A cerejeira Bigarreau Lapins adapta-se a todo o tipo de solos, ácidos ou calcários. Aprecia solos frescos, leves, e teme terrenos demasiado pesados e argilosos. Escolha uma exposição ao sol. Para limitar o risco das geadas tardias nas flores, recomenda-se plantar a cerejeira numa situação abrigada, voltada a oeste e protegida dos ventos frios nas regiões que registam geadas primaveris. A plantação efectua-se de preferência no outono, ou, em alternativa, no inverno, fora do período de geadas. Se forem plantadas várias unidades, espaçe-as 7 a 10 m entre as cerejeiras de tronco alto, 5 a 7 m entre as cerejeiras "meia-tora", e 4 a 5 m entre as em taça e as em cordão.

Afrouxe o solo em profundidade, remova as pedras e as plantas indesejáveis. Acrescente um pouco de areia para melhorar a drenagem. Cave um buraco com 4 a 5 vezes o volume do torrão.
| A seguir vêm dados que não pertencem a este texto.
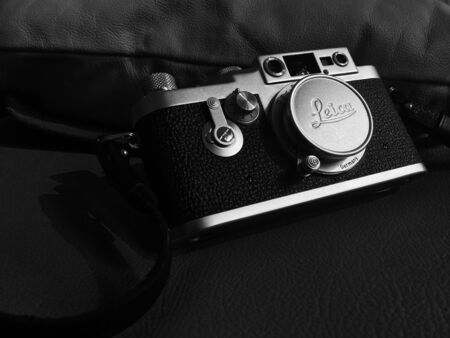 Vintage Leicaの素材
Coloque, de um lado, a terra de subsolo e, do outro, a terra de superfície. Misture farinha de chifre moída, composto bem maduro ou terra vegetal com a terra de subsolo e deite essa mistura no fundo do buraco de plantação. Instale uma estaca. Coloque o torrão, cubra com a terra de superfície e compacte bem. Regue abundantemente (cerca de 10 L). Posicione o sistema de amarração, cruzando-o em forma de 8, de forma a que o tronco e a estaca não se toquem.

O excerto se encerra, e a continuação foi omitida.